(Short web captions)
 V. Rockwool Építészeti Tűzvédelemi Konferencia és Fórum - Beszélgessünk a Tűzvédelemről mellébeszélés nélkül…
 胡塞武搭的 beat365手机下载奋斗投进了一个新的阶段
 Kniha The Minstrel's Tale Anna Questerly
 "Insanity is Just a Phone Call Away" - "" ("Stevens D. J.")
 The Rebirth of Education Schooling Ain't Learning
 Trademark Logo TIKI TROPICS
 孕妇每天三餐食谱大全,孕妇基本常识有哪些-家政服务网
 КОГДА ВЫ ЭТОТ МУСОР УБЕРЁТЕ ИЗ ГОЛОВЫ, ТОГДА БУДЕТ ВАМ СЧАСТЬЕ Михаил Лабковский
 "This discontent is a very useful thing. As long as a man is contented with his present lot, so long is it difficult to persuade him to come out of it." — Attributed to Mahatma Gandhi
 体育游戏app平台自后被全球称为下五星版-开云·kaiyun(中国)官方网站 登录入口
---
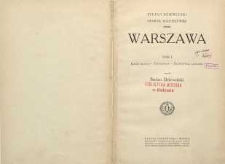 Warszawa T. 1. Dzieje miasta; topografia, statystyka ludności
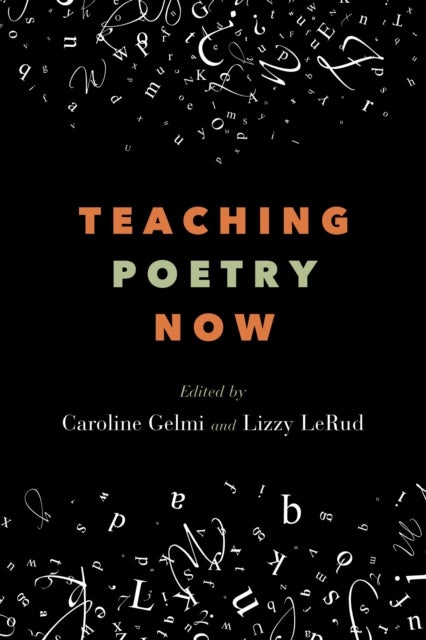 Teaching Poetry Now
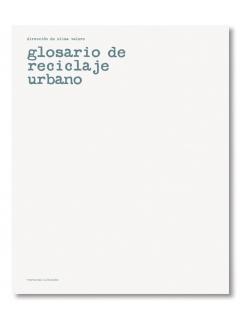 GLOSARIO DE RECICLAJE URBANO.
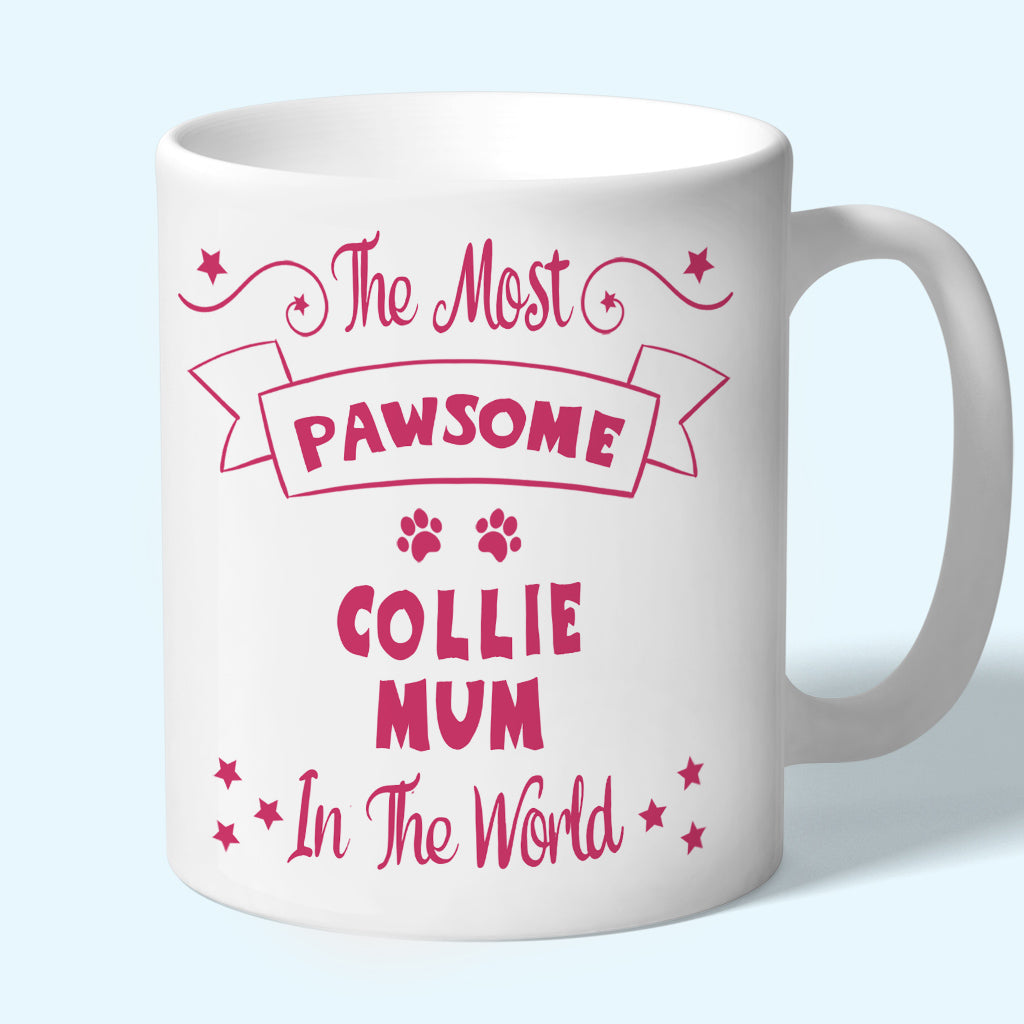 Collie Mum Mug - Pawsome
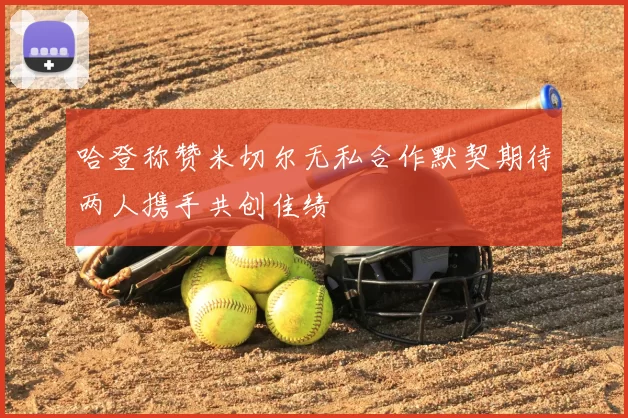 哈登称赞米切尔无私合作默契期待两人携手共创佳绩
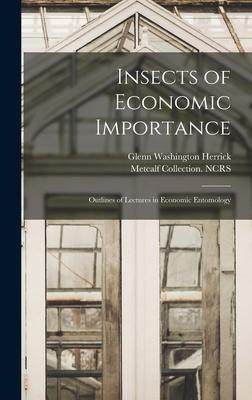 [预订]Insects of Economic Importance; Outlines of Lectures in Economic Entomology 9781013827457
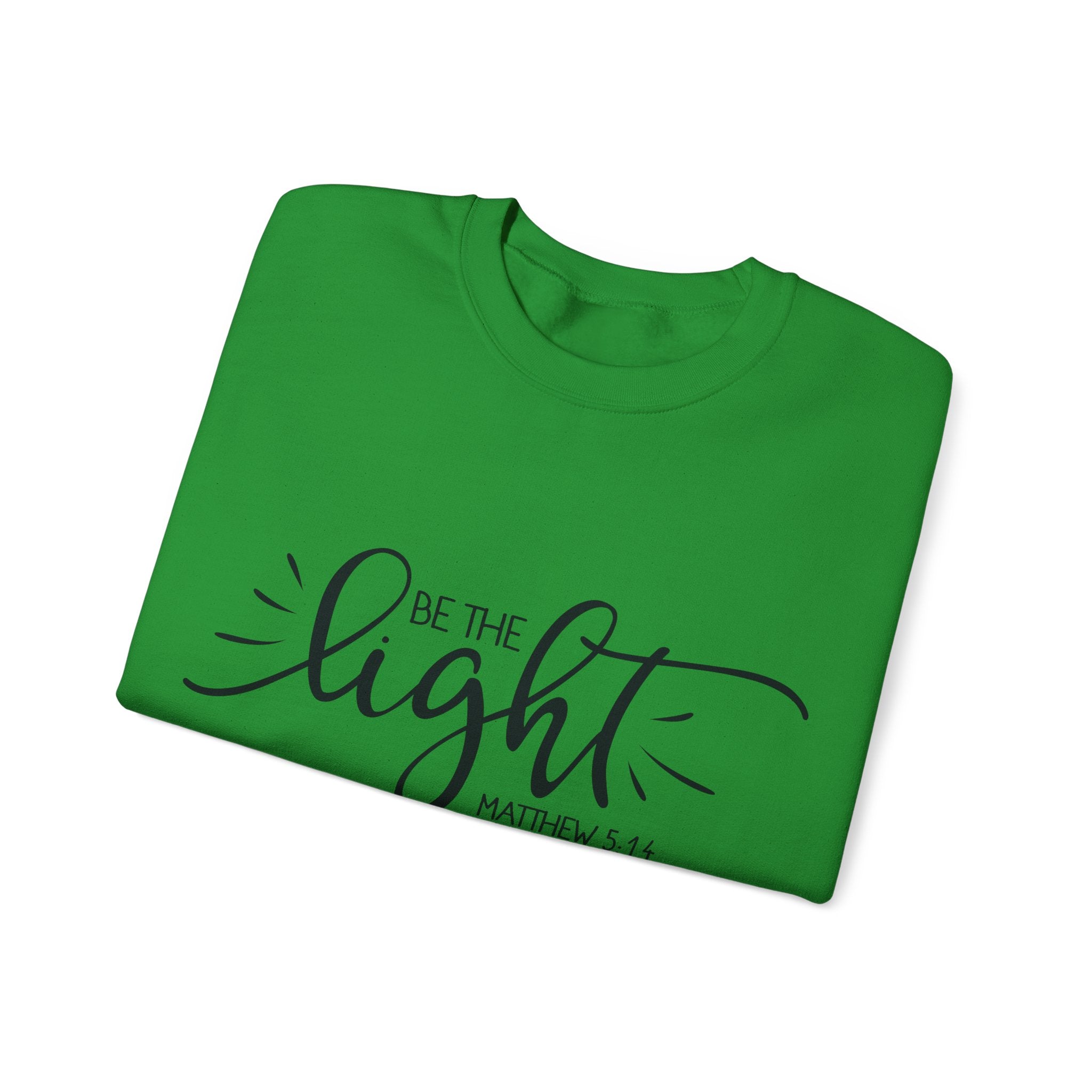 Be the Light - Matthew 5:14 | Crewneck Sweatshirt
==
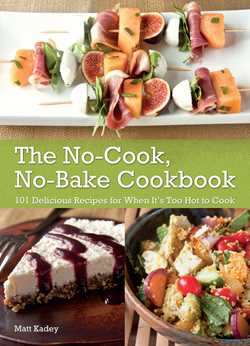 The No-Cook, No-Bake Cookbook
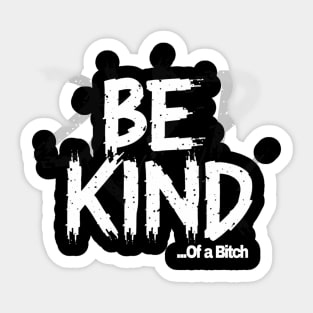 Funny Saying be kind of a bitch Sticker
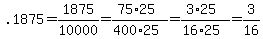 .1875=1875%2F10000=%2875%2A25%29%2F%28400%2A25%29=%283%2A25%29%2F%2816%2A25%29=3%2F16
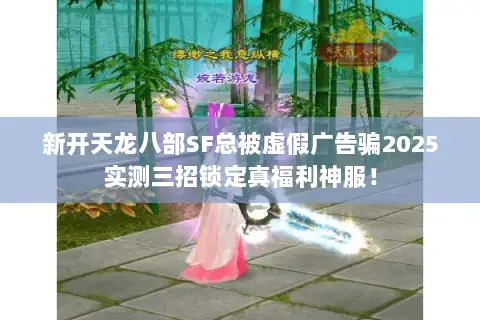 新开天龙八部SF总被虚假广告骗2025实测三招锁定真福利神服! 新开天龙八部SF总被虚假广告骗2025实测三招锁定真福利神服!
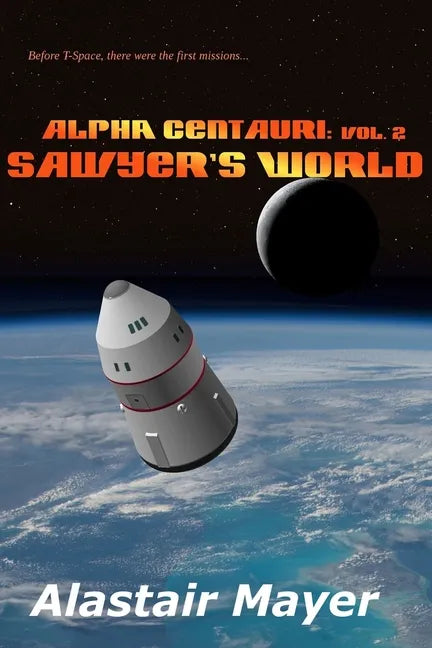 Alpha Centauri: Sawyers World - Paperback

__What you need to do__: Return, unchanged, the run of lines above that opens with the line containing "V. Rockwool Építészeti" and closes with the line containing "体育游戏app平台自后被全球". Include both.

__Task response__:
 V. Rockwool Építészeti Tűzvédelemi Konferencia és Fórum - Beszélgessünk a Tűzvédelemről mellébeszélés nélkül…
 胡塞武搭的 beat365手机下载奋斗投进了一个新的阶段
 Kniha The Minstrel's Tale Anna Questerly
 "Insanity is Just a Phone Call Away" - "" ("Stevens D. J.")
 The Rebirth of Education Schooling Ain't Learning
 Trademark Logo TIKI TROPICS
 孕妇每天三餐食谱大全,孕妇基本常识有哪些-家政服务网
 КОГДА ВЫ ЭТОТ МУСОР УБЕРЁТЕ ИЗ ГОЛОВЫ, ТОГДА БУДЕТ ВАМ СЧАСТЬЕ Михаил Лабковский
 "This discontent is a very useful thing. As long as a man is contented with his present lot, so long is it difficult to persuade him to come out of it." — Attributed to Mahatma Gandhi
 体育游戏app平台自后被全球称为下五星版-开云·kaiyun(中国)官方网站 登录入口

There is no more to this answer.